His quest to find the ‘zoophyte eating on grass’ was unsuccessful, but he came upon a type of sheep native to the region near the Caspian Sea that had remarkably delicate skin and fine wool. A local ritual involved murdering pregnant ewes to obtain the even finer fleeces of the unborn lambs. Their skin was as thin as vellum. Upon drying, it shrank and took on a shape that could mislead those who are uninformed and gullible into thinking it was a woolly gourd. Kaempfer thought that the dried skins were the ones that ended up in European collections and were shown as specimens of the zoophyte’s fleece.
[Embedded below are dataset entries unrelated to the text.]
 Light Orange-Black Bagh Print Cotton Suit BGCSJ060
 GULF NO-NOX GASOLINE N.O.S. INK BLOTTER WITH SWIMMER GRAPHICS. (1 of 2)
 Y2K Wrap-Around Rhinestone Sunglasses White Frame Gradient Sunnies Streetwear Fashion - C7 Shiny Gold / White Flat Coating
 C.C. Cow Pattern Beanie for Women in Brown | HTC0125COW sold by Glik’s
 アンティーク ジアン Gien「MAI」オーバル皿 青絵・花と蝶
Sir Hans Sloane presented another desiccated object to the Royal Society members in 1698, with a more believable explanation. For the following 200 years, this artifact was considered the origin of the entire vegetarian lamb mythos. The object was a section of the rhizome of a tree fern from China, approximately one foot in length and as wide as a man’s wrist. It had been roughly carved to resemble a sheep’s head and four legs made from the stalks. The object was coated with yellowish down, measuring a quarter of an inch in thickness in some areas. An exquisite artificial plant. In the seventeenth century, several carved root stocks from the tree-fern genus Dicksonia were observed in Asia. They were created as playthings and objects of interest, often sold to naive travelers as something with a more enigmatic Eastern origin.